## Work instruction
Would you return the records below character for character, without any images?

## Input data

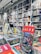 A bookstore interior filled with shelves of books arranged neatly. Several colorful books are displayed prominently on a table in the foreground, with one particular book featuring a vibrant and graphic cover standing upright.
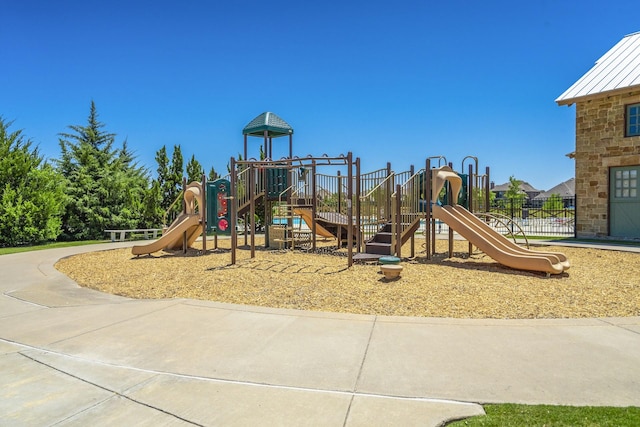 communal playground featuring fence
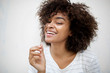 © mimagephotos - beautiful smiling young african american woman pulling hair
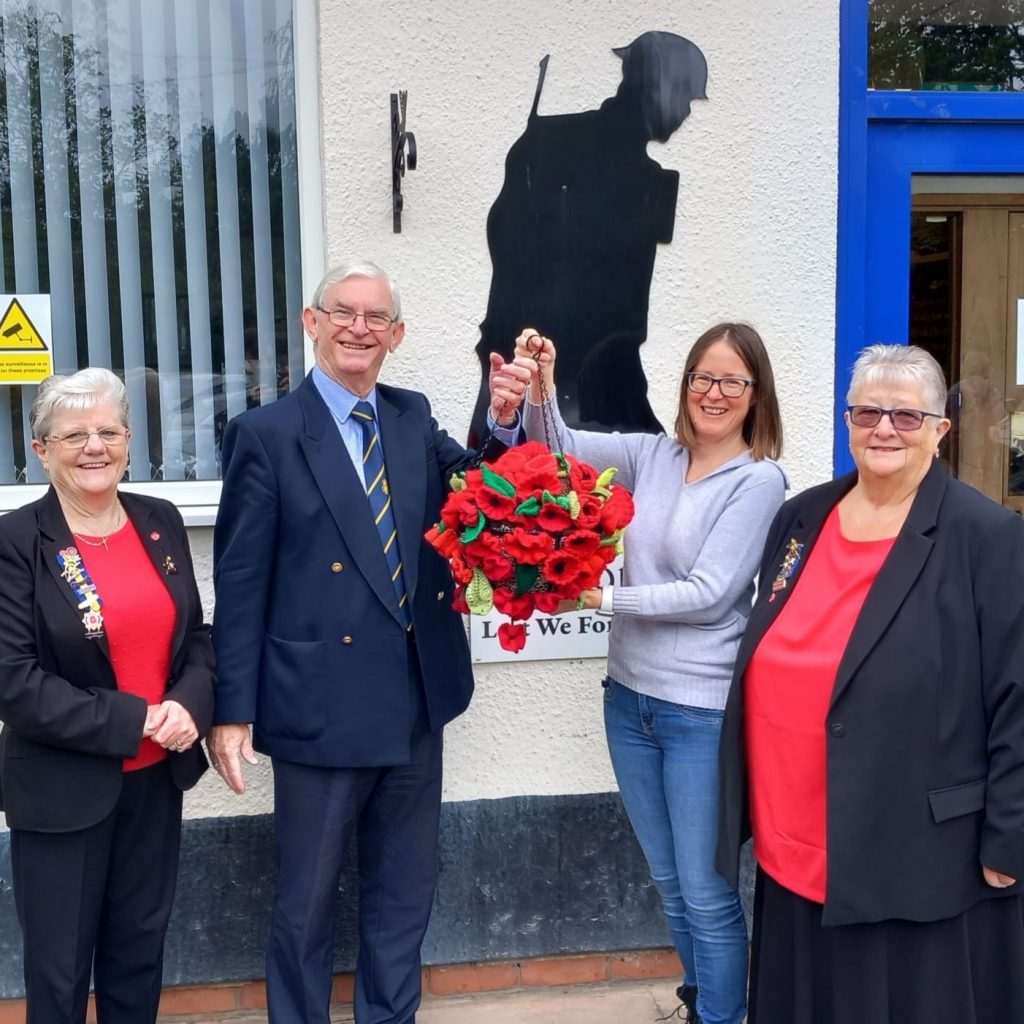 Royal British Legion volunteers standing with representative of Visit Knowle with a knitted basket full of red poppies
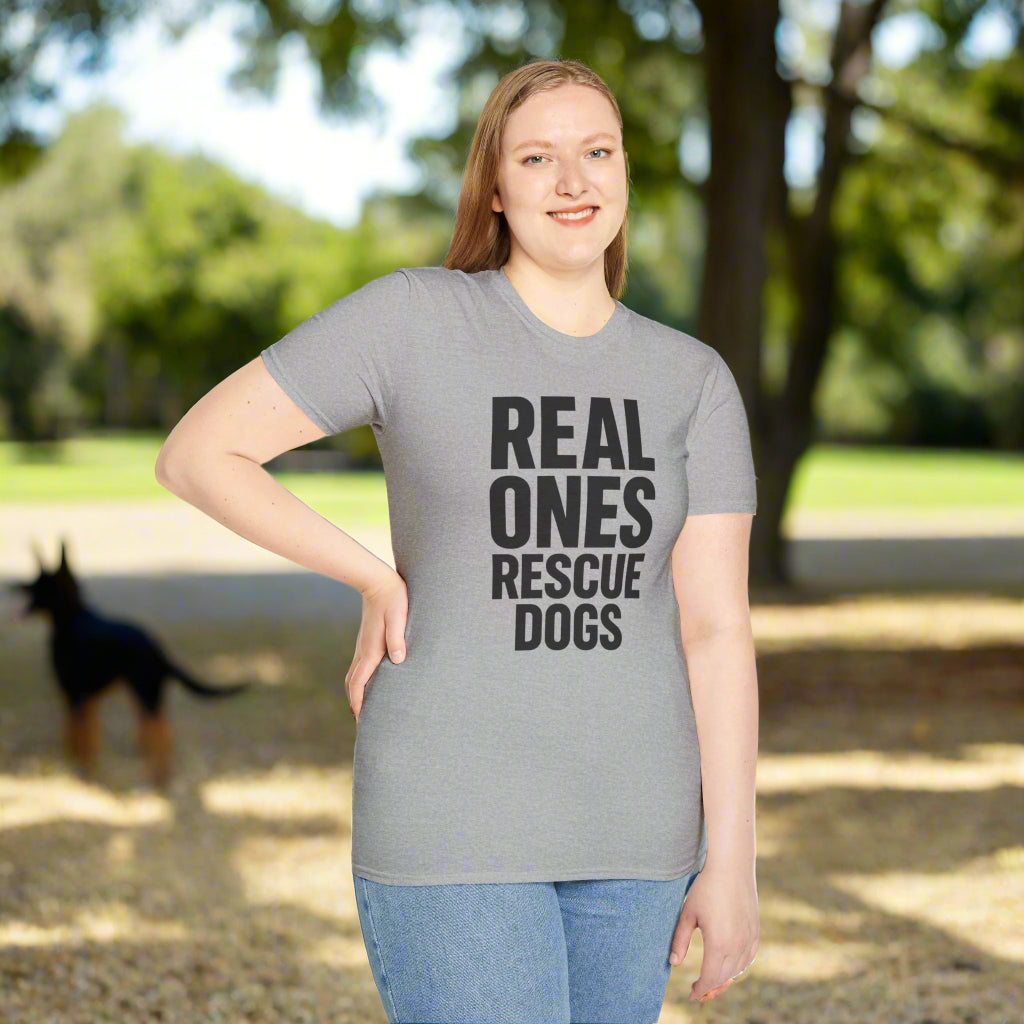 Woman wearing gray t-shirt with bold black text that reads “Real Ones Rescue Dogs”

## Finished task
 A bookstore interior filled with shelves of books arranged neatly. Several colorful books are displayed prominently on a table in the foreground, with one particular book featuring a vibrant and graphic cover standing upright.
 communal playground featuring fence
 © mimagephotos - beautiful smiling young african american woman pulling hair
 Royal British Legion volunteers standing with representative of Visit Knowle with a knitted basket full of red poppies
 Woman wearing gray t-shirt with bold black text that reads “Real Ones Rescue Dogs”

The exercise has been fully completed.